Checksum shall, to the extent legally permitted, promptly notify Customer of any complaint, dispute or request it has received from a Data Subject such as a Data Subject’s right of access, right to rectification, restriction of Processing, erasure (“right to be forgotten”), data portability, object to the Processing, or its right not to be subject to an automated individual decision making, each such request being a “Data Subject Request”. Checksum shall not respond to a Data Subject Request itself, except that Customer authorizes Checksum to redirect the Data Subject Request as necessary to allow Customer to respond directly. Taking into account the nature of the Processing, Checksum shall assist Customer by appropriate technical and organizational measures, insofar as this is possible, for the fulfilment of Customer’s obligation to respond to a Data Subject Request under Data Protection Laws and Regulations. In addition, to the extent Customer, in its use of the Services, does not have the ability to address a Data Subject Request, Checksum shall upon Customer’s request provide commercially reasonable efforts to assist Customer in responding to such Data Subject Request, to the extent Checksum is legally permitted to do so and the response to such Data Subject Request is required under Data Protection Laws and Regulations. To the extent legally permitted, Customer shall be responsible for any costs arising from Checksum’s provision of such assistance.
. 2. List of Current Sub-processors. A current list of Sub-processors for the Services, including the identities of those Sub-processors and their country of location, may be found here. 3. Liability. Checksum shall be liable for the acts and omissions of its Sub-processors to the same extent Checksum would be liable if performing the services of each Sub-processor directly under the terms of this DPA, unless otherwise set forth in the Agreement.
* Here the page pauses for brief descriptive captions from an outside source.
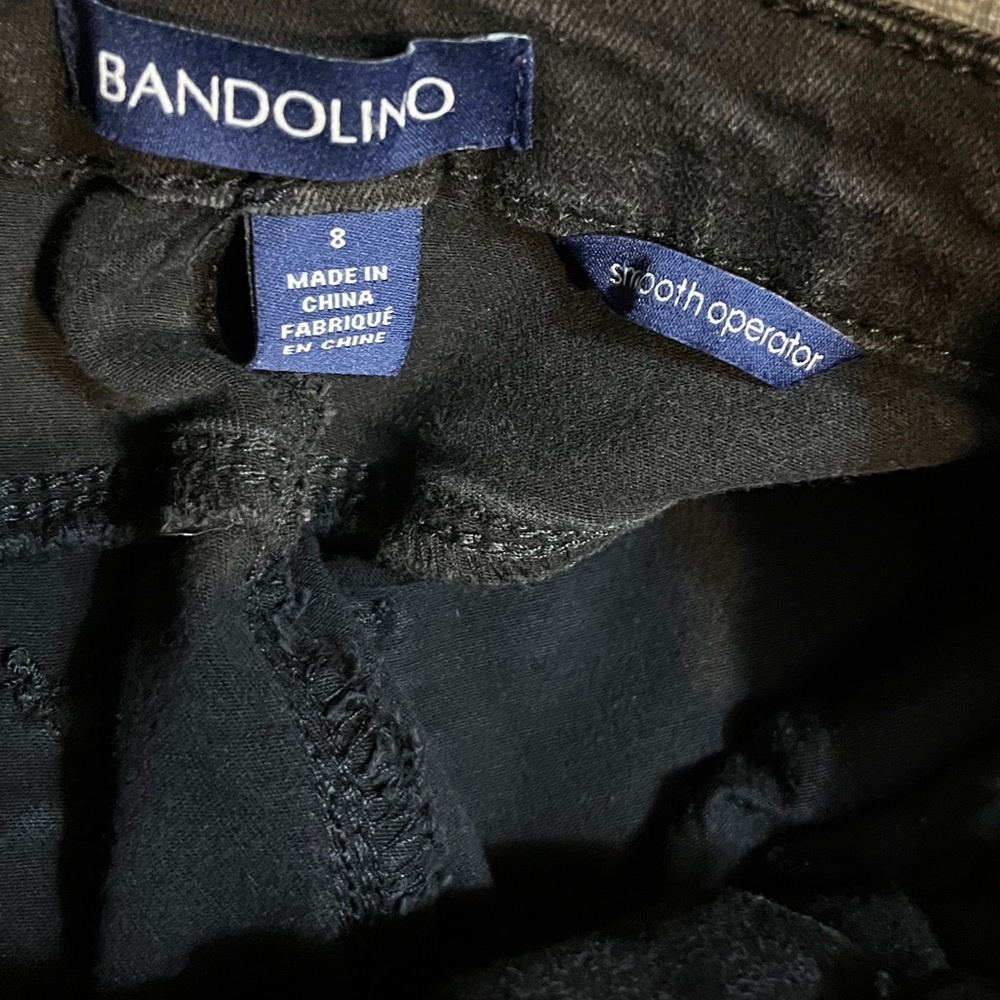 Bandolino Women’s Black Skinny Jeans Size 8 Smooth Operator Mid Rise Stretch - Picture 3 of 4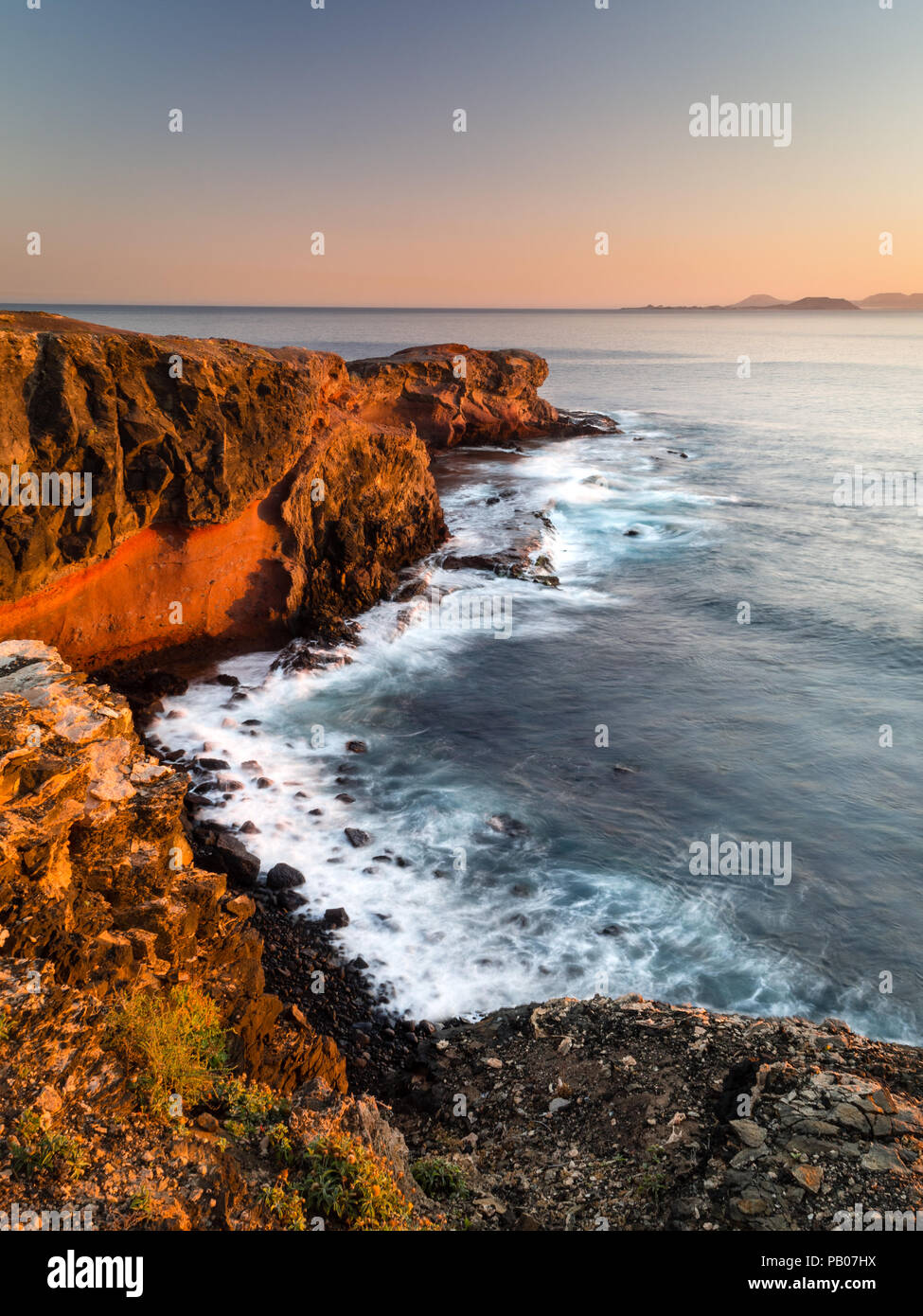 Castillo del Aguila le coucher du soleil, Playa Blanca, Lanzaote Banque D'Images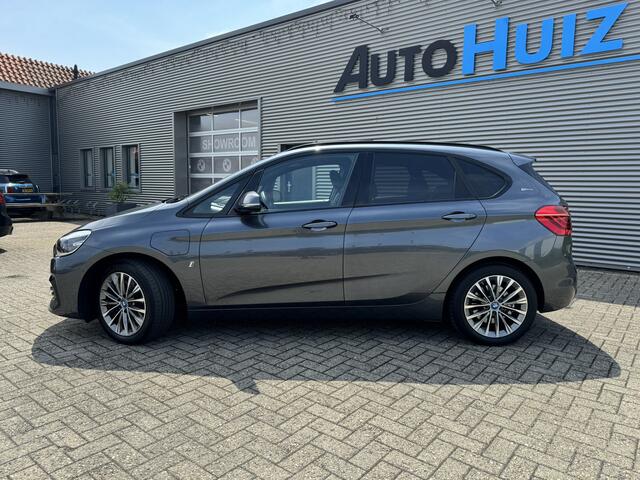 BMW 2-SERIE Active Tourer 225xe iPerformance High Executive LED ACC Panoramadak Stuurwielverwarming Trekhaak Carplay Harman-Kardon Sound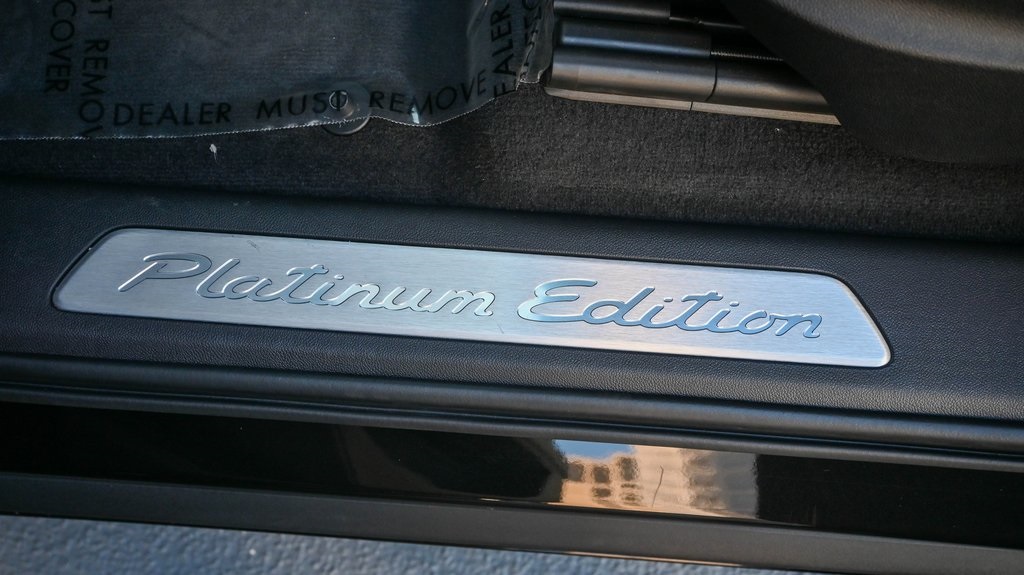2023 Porsche Cayenne Coupe Platinum Edition Lightweight Sport Package 26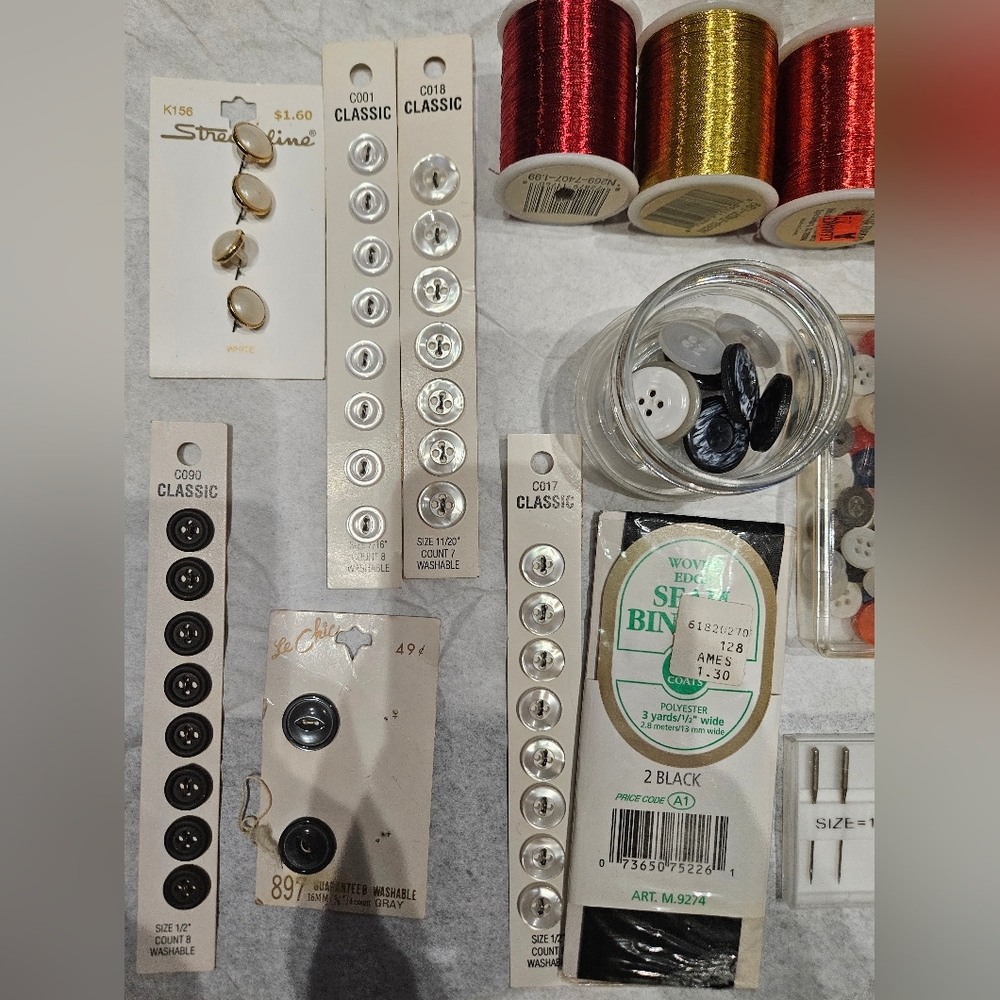 Assorted Vintage Sewing Buttons and Threads - Picture 2 of 3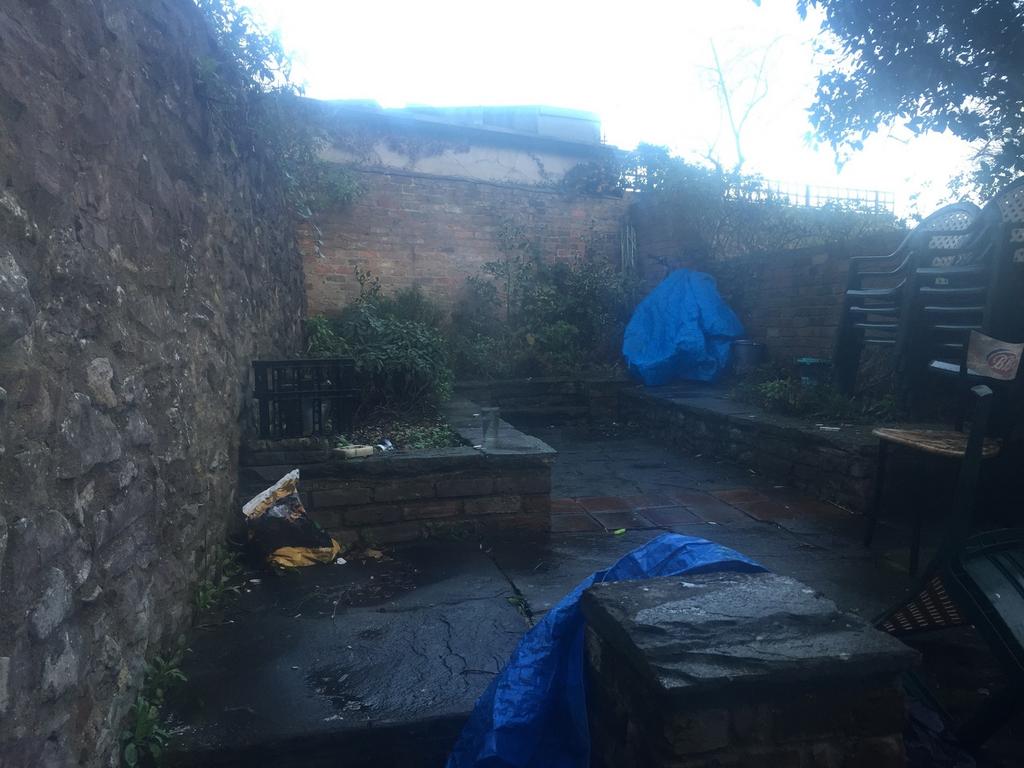A spacious garden area with potential for relax...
Controls for the Protection of Customer Data. Checksum shall maintain appropriate technical and organizational measures for protection of the security (including protection against unauthorized or unlawful Processing and against accidental or unlawful destruction, loss or alteration or damage, unauthorized disclosure of, or access to, Customer Data), confidentiality and integrity of Customer Data. Checksum regularly monitors compliance with these measures. Checksum will not materially decrease the overall security of the Services during a subscription term.
Audit. Checksum shall maintain an audit program to help ensure compliance with the obligations set out in this DPA and shall make available to Customer information to demonstrate compliance with the obligations set out in this DPA as set forth in this section 6.2.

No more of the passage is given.